Wednesday, May 28, 2014
The Mockingbird Next Door
For someone who is "one of those people" who love and reread To Kill a Mockingbird at least once a year, this book cleared up so very many misconceptions about Nelle Harper Lee. I always thought being a recluse meant living as a hermit, having groceries brought to the back door, paying no attention to life outside the curtains. But this book was an eye opener! Marja Mills, a reporter for the Chicago Tribune, somehow managed by just being nice, to befriend the Lee sisters, move in next door and share their life. She was brought into their lives as a friend, someone who could be trusted, and thus given permission to share with the world the life Nelle Harper chose to live after the phenomenal continued success of her book To Kill a Mockingbird.

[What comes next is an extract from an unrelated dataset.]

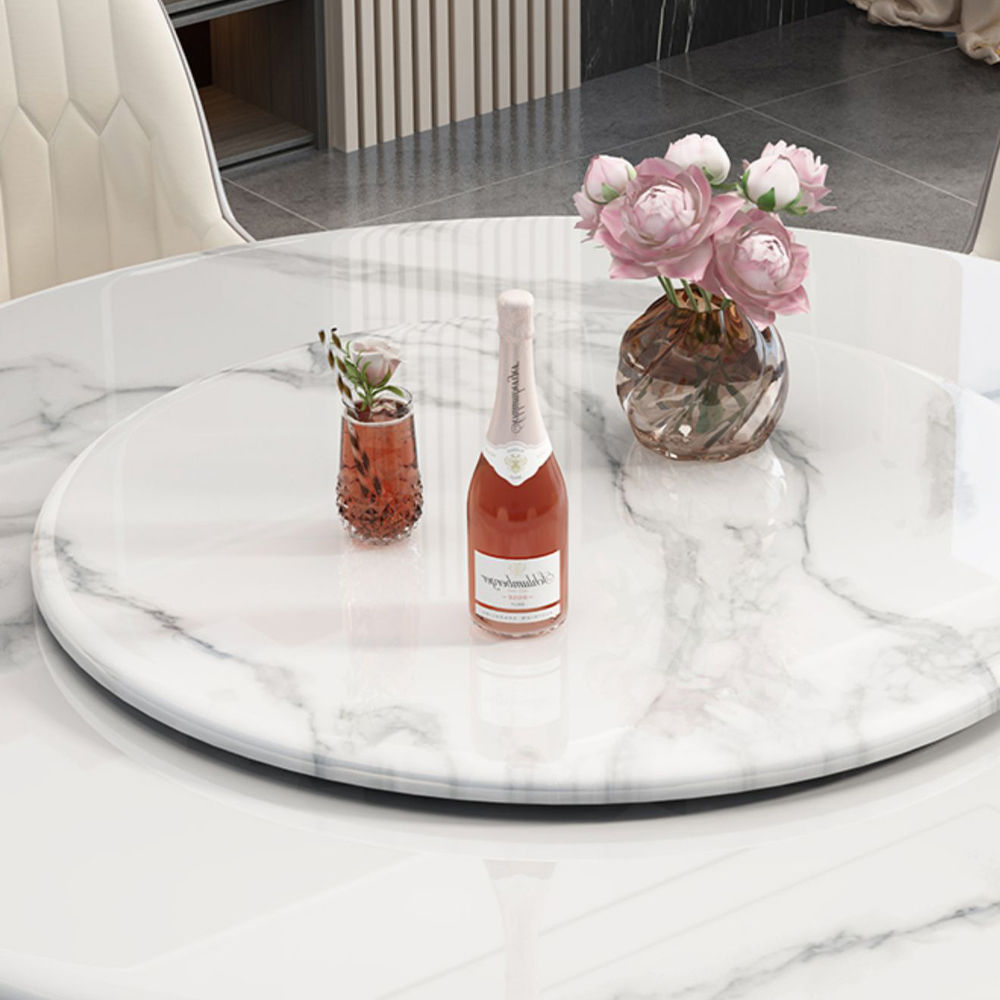 Sintered Stone White Faux Marble Dining Room Set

Miss Mills showed us that Nelle lives, with the protection of the citizens of Monroeville, a public life. She has coffee at McDonalds, goes to the laundromat to do her laundry, eats in restaurants, has friends, feeds ducks, goes fishing and spent half of her time in New York, where she truly felt anonymous.
I loved this book. I saw Ms. Lee and sat in her living room, pushing aside the books and magazines from the chairs, and had her over for morning coffee and discovered why, oh WHY did she not write another book? Why she ran away from TKAM. Why she just didn't understand how this book, the characters drawn from her own life - Truman Capote as Dill, her father as Atticus, her sister Alice as Jem, herself as Scout would take over high school reading lists, and law schools.
Harper Lee has become one of our icons whether she wanted to or not. And she didn't. But regardless, I am so very grateful for Miss Mills and her friendship with the Lee sisters, for gaining the trust of the Lee sisters and for this book that answered so many questions.